To determine the long-term outcomes of patients in whom no initial cause for their anaemia is established. Six hundred and thirty-nine patients presenting to an iron deficiency anaemia pathway were prospectively entered onto a database. Initial assessment included haematological review, coeliac screen, oesophagogastroduodenoscopy and colonic imaging as per British Society of Gastroenterology guidelines. A 5-year audit of outcomes was undertaken using patient medical records and hospital laboratory databases. A diagnosis was found initially in 266 (42%) patients, with 124 (19%) having a gastrointestinal (GI) luminal neoplasm, 54 (8%) of which were malignant. Twelve patients had a nonluminal or non-GI malignancy. Eighty-eight (14%) had benign upper GI bleeding and 23 (4%) had coeliac disease. One hundred and forty-three (22%) did not have confirmed iron deficiency anaemia on review of haematinics. Complete records were available for 595 (93%) patients at 5 years.

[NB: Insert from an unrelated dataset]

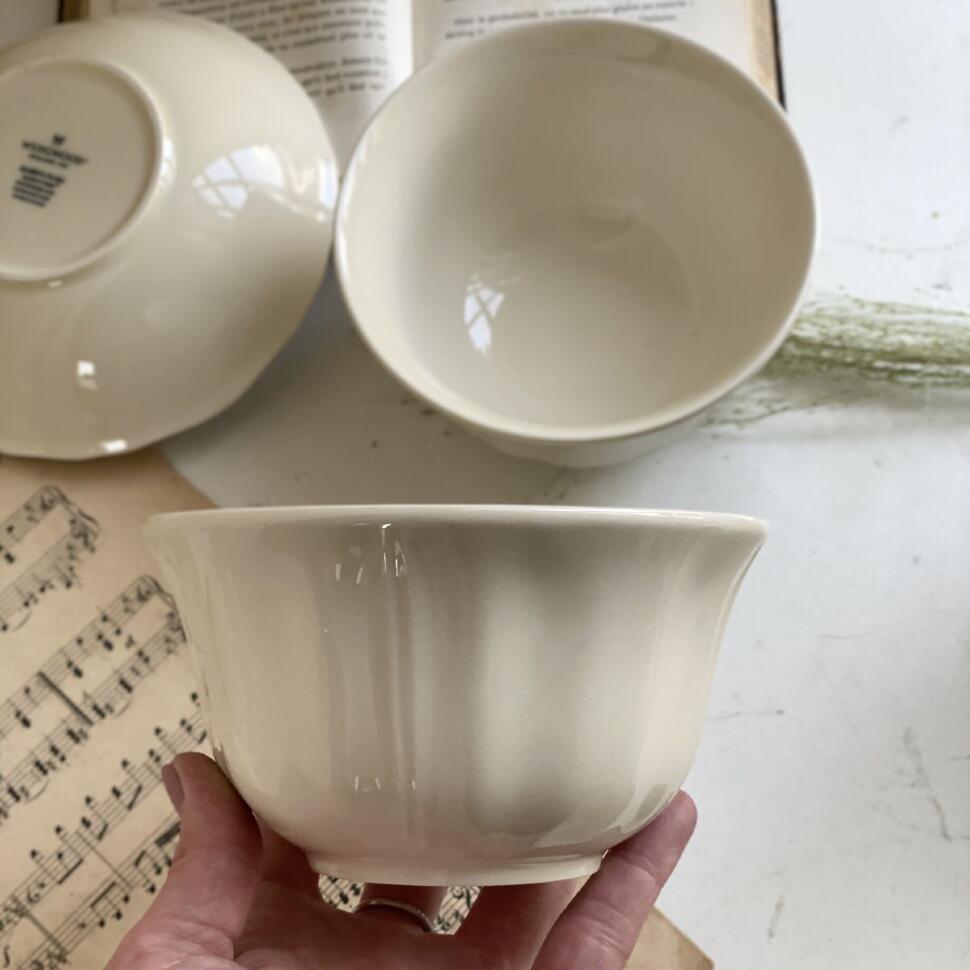 Миска глубокая 14 см Wedgwood Queen's Plain фарфор Англия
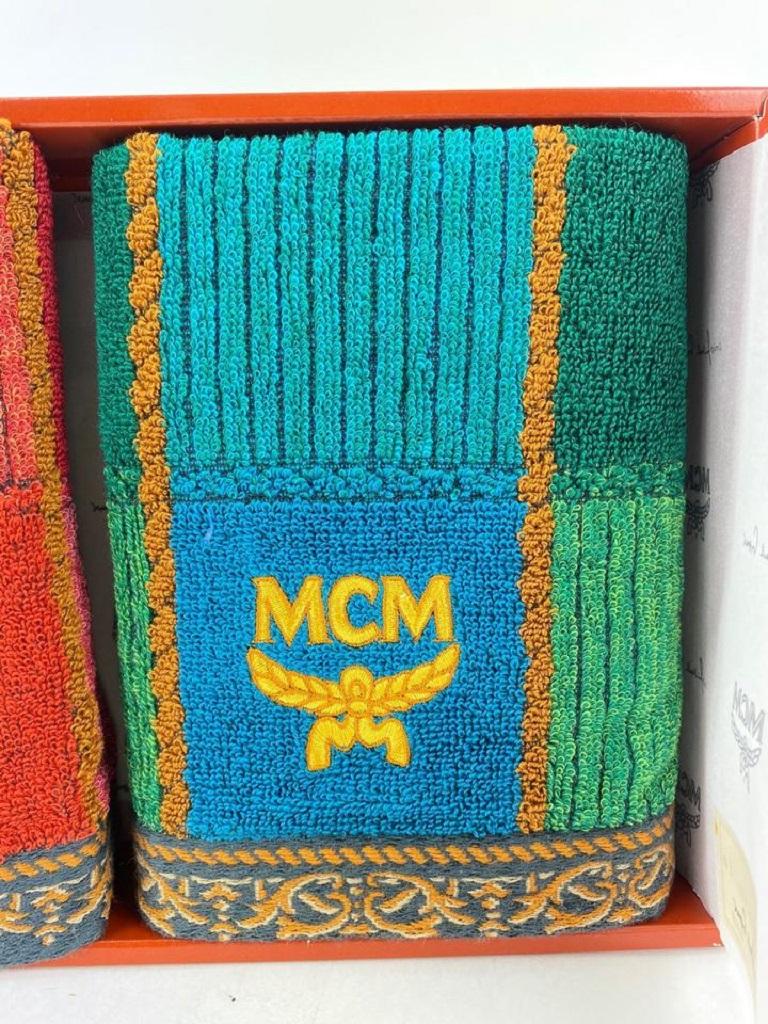 MCM Ultra Rare Red x Blue Logo Towel Set 10m520  For Sale 1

Of the 373 patients in whom a cause was not initially diagnosed, 6 (2%) were ultimately diagnosed with a GI luminal malignancy and 18 (5%) with a nonluminal or non-GI malignancy. There was no difference in the incidence of malignancies between those with or without confirmed iron deficiency. Most patients in whom no cause was found at initial investigation resolve on oral iron supplements. Patients with normal ferritin values had as high an incidence of GI malignancies as those with low values and should be investigated. In the over 50s if the anaemia remains after a course of iron further investigation is recommended as there is a significant incidence of both GI and non-GI pathology.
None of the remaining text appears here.